* [What you are asked to do]: The response must contain all of the entries, each one repeated exactly.

___ Exercise input

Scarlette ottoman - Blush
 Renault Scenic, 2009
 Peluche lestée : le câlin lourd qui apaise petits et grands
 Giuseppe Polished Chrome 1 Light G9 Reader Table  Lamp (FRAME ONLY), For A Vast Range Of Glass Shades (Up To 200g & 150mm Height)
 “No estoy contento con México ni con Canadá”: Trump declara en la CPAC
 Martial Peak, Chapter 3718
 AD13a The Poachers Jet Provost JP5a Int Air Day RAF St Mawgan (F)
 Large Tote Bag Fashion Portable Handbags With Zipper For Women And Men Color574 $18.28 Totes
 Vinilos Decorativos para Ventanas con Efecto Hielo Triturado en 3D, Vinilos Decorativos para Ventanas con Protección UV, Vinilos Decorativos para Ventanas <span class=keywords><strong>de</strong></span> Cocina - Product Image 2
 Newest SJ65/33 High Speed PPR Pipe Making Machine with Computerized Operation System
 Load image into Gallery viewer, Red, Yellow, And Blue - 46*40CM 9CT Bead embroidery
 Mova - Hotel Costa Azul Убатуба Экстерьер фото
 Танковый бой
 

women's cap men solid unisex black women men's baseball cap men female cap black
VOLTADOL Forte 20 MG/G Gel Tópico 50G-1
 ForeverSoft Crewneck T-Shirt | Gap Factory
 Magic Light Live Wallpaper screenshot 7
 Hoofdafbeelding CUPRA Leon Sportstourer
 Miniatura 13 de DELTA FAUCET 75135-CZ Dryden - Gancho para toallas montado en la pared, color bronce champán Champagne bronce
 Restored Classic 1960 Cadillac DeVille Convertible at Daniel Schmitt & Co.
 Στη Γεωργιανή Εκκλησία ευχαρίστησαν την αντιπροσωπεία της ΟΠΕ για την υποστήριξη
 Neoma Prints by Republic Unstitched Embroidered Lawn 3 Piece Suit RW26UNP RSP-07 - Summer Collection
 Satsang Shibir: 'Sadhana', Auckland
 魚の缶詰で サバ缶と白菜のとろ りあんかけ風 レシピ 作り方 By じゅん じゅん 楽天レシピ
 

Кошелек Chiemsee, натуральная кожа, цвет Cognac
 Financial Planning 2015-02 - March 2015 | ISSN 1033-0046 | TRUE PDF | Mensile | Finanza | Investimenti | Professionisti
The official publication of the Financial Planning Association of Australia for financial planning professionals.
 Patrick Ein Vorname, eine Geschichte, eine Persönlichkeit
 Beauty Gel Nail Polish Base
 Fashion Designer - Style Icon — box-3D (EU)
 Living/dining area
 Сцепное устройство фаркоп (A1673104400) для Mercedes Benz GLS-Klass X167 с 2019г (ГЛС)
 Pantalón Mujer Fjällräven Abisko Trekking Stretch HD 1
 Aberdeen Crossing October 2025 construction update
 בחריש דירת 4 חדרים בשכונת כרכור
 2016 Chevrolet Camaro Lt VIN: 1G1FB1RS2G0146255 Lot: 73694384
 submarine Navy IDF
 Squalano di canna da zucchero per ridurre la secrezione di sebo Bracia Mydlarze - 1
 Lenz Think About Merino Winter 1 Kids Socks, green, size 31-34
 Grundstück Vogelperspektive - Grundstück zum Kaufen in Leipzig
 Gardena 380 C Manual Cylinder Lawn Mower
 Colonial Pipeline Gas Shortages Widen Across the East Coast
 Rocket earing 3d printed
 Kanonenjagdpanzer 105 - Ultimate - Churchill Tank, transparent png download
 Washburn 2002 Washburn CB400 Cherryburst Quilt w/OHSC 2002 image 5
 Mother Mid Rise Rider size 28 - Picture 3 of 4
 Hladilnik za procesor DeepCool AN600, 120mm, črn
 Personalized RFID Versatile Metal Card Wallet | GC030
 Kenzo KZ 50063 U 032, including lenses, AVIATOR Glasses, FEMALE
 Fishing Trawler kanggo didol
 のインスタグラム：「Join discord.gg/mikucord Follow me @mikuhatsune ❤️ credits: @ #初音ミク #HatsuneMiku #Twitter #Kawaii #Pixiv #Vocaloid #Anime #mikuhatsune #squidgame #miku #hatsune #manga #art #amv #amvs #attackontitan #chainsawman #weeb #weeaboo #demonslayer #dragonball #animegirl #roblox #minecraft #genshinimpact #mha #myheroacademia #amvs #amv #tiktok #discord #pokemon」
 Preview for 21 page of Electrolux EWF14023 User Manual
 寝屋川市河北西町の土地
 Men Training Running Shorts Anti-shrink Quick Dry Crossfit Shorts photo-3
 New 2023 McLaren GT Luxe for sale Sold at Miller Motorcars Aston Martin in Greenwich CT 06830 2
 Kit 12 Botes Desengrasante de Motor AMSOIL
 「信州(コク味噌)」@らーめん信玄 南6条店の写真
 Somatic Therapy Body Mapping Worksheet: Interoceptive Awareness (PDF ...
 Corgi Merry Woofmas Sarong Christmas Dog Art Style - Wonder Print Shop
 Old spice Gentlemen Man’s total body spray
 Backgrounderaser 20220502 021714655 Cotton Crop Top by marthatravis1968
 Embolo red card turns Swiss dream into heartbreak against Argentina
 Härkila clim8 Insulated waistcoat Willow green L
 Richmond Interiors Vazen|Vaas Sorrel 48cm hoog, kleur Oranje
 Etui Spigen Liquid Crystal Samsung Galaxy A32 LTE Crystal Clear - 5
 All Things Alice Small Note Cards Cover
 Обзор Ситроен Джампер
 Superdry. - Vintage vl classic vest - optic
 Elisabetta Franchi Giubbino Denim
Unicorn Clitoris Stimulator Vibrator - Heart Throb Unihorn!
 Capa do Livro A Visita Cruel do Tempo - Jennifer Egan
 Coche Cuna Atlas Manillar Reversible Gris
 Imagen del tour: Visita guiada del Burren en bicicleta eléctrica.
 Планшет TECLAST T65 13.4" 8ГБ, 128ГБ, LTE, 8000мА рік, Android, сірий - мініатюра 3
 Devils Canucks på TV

______

* [Exercise result]:
Scarlette ottoman - Blush
 Renault Scenic, 2009
 Peluche lestée : le câlin lourd qui apaise petits et grands
 Giuseppe Polished Chrome 1 Light G9 Reader Table  Lamp (FRAME ONLY), For A Vast Range Of Glass Shades (Up To 200g & 150mm Height)
 “No estoy contento con México ni con Canadá”: Trump declara en la CPAC
 Martial Peak, Chapter 3718
 AD13a The Poachers Jet Provost JP5a Int Air Day RAF St Mawgan (F)
 Large Tote Bag Fashion Portable Handbags With Zipper For Women And Men Color574 $18.28 Totes
 Vinilos Decorativos para Ventanas con Efecto Hielo Triturado en 3D, Vinilos Decorativos para Ventanas con Protección UV, Vinilos Decorativos para Ventanas <span class=keywords><strong>de</strong></span> Cocina - Product Image 2
 Newest SJ65/33 High Speed PPR Pipe Making Machine with Computerized Operation System
 Load image into Gallery viewer, Red, Yellow, And Blue - 46*40CM 9CT Bead embroidery
 Mova - Hotel Costa Azul Убатуба Экстерьер фото
 Танковый бой
 

women's cap men solid unisex black women men's baseball cap men female cap black
VOLTADOL Forte 20 MG/G Gel Tópico 50G-1
 ForeverSoft Crewneck T-Shirt | Gap Factory
 Magic Light Live Wallpaper screenshot 7
 Hoofdafbeelding CUPRA Leon Sportstourer
 Miniatura 13 de DELTA FAUCET 75135-CZ Dryden - Gancho para toallas montado en la pared, color bronce champán Champagne bronce
 Restored Classic 1960 Cadillac DeVille Convertible at Daniel Schmitt & Co.
 Στη Γεωργιανή Εκκλησία ευχαρίστησαν την αντιπροσωπεία της ΟΠΕ για την υποστήριξη
 Neoma Prints by Republic Unstitched Embroidered Lawn 3 Piece Suit RW26UNP RSP-07 - Summer Collection
 Satsang Shibir: 'Sadhana', Auckland
 魚の缶詰で サバ缶と白菜のとろ りあんかけ風 レシピ 作り方 By じゅん じゅん 楽天レシピ
 

Кошелек Chiemsee, натуральная кожа, цвет Cognac
 Financial Planning 2015-02 - March 2015 | ISSN 1033-0046 | TRUE PDF | Mensile | Finanza | Investimenti | Professionisti
The official publication of the Financial Planning Association of Australia for financial planning professionals.
 Patrick Ein Vorname, eine Geschichte, eine Persönlichkeit
 Beauty Gel Nail Polish Base
 Fashion Designer - Style Icon — box-3D (EU)
 Living/dining area
 Сцепное устройство фаркоп (A1673104400) для Mercedes Benz GLS-Klass X167 с 2019г (ГЛС)
 Pantalón Mujer Fjällräven Abisko Trekking Stretch HD 1
 Aberdeen Crossing October 2025 construction update
 בחריש דירת 4 חדרים בשכונת כרכור
 2016 Chevrolet Camaro Lt VIN: 1G1FB1RS2G0146255 Lot: 73694384
 submarine Navy IDF
 Squalano di canna da zucchero per ridurre la secrezione di sebo Bracia Mydlarze - 1
 Lenz Think About Merino Winter 1 Kids Socks, green, size 31-34
 Grundstück Vogelperspektive - Grundstück zum Kaufen in Leipzig
 Gardena 380 C Manual Cylinder Lawn Mower
 Colonial Pipeline Gas Shortages Widen Across the East Coast
 Rocket earing 3d printed
 Kanonenjagdpanzer 105 - Ultimate - Churchill Tank, transparent png download
 Washburn 2002 Washburn CB400 Cherryburst Quilt w/OHSC 2002 image 5
 Mother Mid Rise Rider size 28 - Picture 3 of 4
 Hladilnik za procesor DeepCool AN600, 120mm, črn
 Personalized RFID Versatile Metal Card Wallet | GC030
 Kenzo KZ 50063 U 032, including lenses, AVIATOR Glasses, FEMALE
 Fishing Trawler kanggo didol
 のインスタグラム：「Join discord.gg/mikucord Follow me @mikuhatsune ❤️ credits: @ #初音ミク #HatsuneMiku #Twitter #Kawaii #Pixiv #Vocaloid #Anime #mikuhatsune #squidgame #miku #hatsune #manga #art #amv #amvs #attackontitan #chainsawman #weeb #weeaboo #demonslayer #dragonball #animegirl #roblox #minecraft #genshinimpact #mha #myheroacademia #amvs #amv #tiktok #discord #pokemon」
 Preview for 21 page of Electrolux EWF14023 User Manual
 寝屋川市河北西町の土地
 Men Training Running Shorts Anti-shrink Quick Dry Crossfit Shorts photo-3
 New 2023 McLaren GT Luxe for sale Sold at Miller Motorcars Aston Martin in Greenwich CT 06830 2
 Kit 12 Botes Desengrasante de Motor AMSOIL
 「信州(コク味噌)」@らーめん信玄 南6条店の写真
 Somatic Therapy Body Mapping Worksheet: Interoceptive Awareness (PDF ...
 Corgi Merry Woofmas Sarong Christmas Dog Art Style - Wonder Print Shop
 Old spice Gentlemen Man’s total body spray
 Backgrounderaser 20220502 021714655 Cotton Crop Top by marthatravis1968
 Embolo red card turns Swiss dream into heartbreak against Argentina
 Härkila clim8 Insulated waistcoat Willow green L
 Richmond Interiors Vazen|Vaas Sorrel 48cm hoog, kleur Oranje
 Etui Spigen Liquid Crystal Samsung Galaxy A32 LTE Crystal Clear - 5
 All Things Alice Small Note Cards Cover
 Обзор Ситроен Джампер
 Superdry. - Vintage vl classic vest - optic
 Elisabetta Franchi Giubbino Denim
Unicorn Clitoris Stimulator Vibrator - Heart Throb Unihorn!
 Capa do Livro A Visita Cruel do Tempo - Jennifer Egan
 Coche Cuna Atlas Manillar Reversible Gris
 Imagen del tour: Visita guiada del Burren en bicicleta eléctrica.
 Планшет TECLAST T65 13.4" 8ГБ, 128ГБ, LTE, 8000мА рік, Android, сірий - мініатюра 3
 Devils Canucks på TV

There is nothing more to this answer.